Twice a month, John Francis Peters talks to image-makers about their long-term projects and how they approach their work and subjects. This week he talks with frequent photo contributor Gabriele Stabile about “The Refugee Hotel,” a long-term essay. A portion of “The Refugee Hotel” ran in the FADER #57 photo issue. Currently, Stabile and writer Juliet Linderman are raising funds via Kickstarter to facilitate the final push toward book project completion. Check it out.
I’m really excited you’re making a book out of this project. I think it’s an incredibly important topic and I respect your dedication to the story. I’d like to talk about the moment you’re at now with the project, with the goal of it becoming a book. As you begin to revisit the subjects, does the book making process influence how you’re navigating the story?
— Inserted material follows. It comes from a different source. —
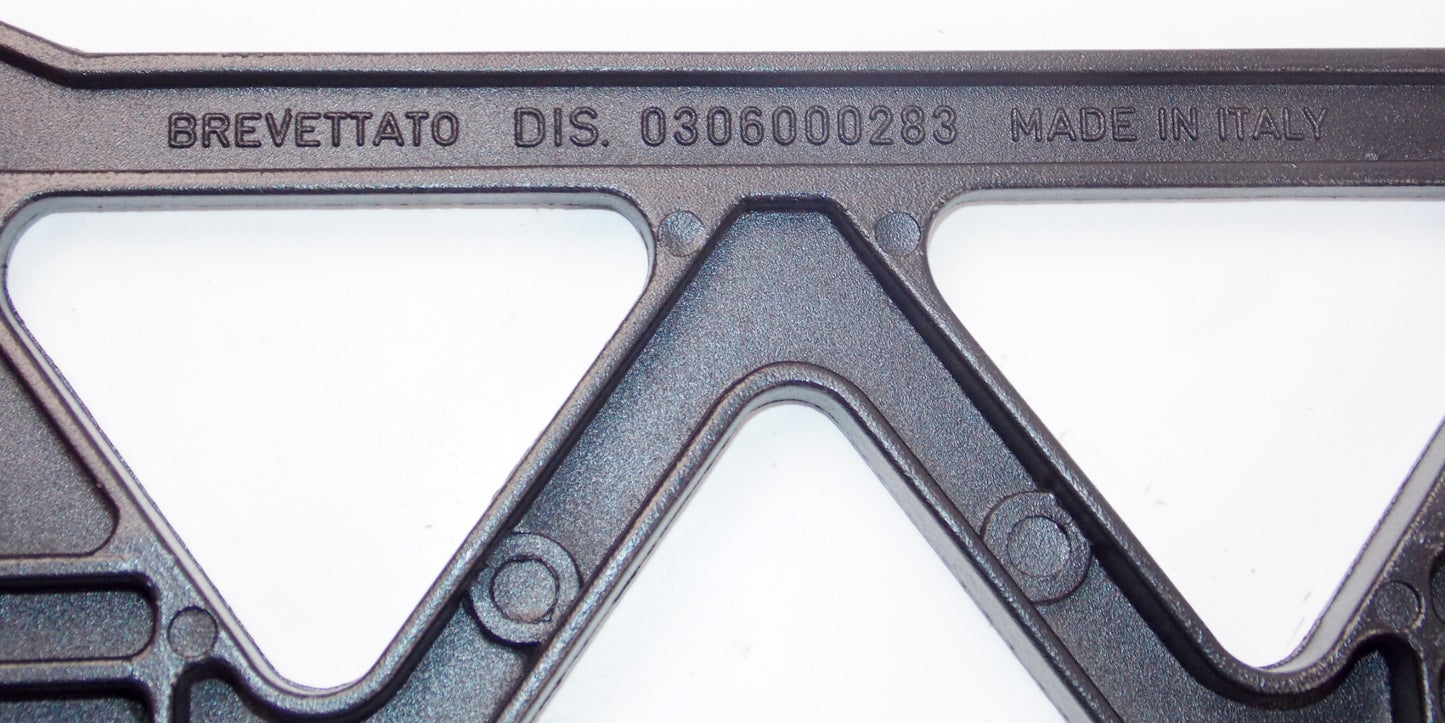 NOS GIVI LUGGAGE CARRIER PLATE MOUNTING BRACKET SUZUKI 1988 GSX 600 F ART F 488 - MotoRaider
First off, thanks to you and FADER for the undying, passionate support. This story first came out in the pages of the magazine a couple of years ago, and I feel honored it made the photo special issue. To get to your question, the book making process always had influence, in a way, because I always thought that this story really works better as a book, on a wider, more relaxed narrative than as a twelve picture story. So the actual pace of the storytelling, going on in my mind when I was about to embark towards yet another trip to a refugee hotel, was constantly informed by this idea of presenting all of this material in book form. Refugee Hotel is a strange story, really, I still find it very atmospheric, in the sense that the focus is more in the atmosphere of the photos than in their actual content.
It’s a little bit like a maze, easy to get in, difficult to get out, without a proper end or a coherent, linear narrative. But at the same time, the linear narrative is something I feel older photographers were really worried about, it belongs to another generation of authors. I hope the book looks very impressionistic when it’s printed, very much like a series of memories. I would love to stretch the incoherence of it all.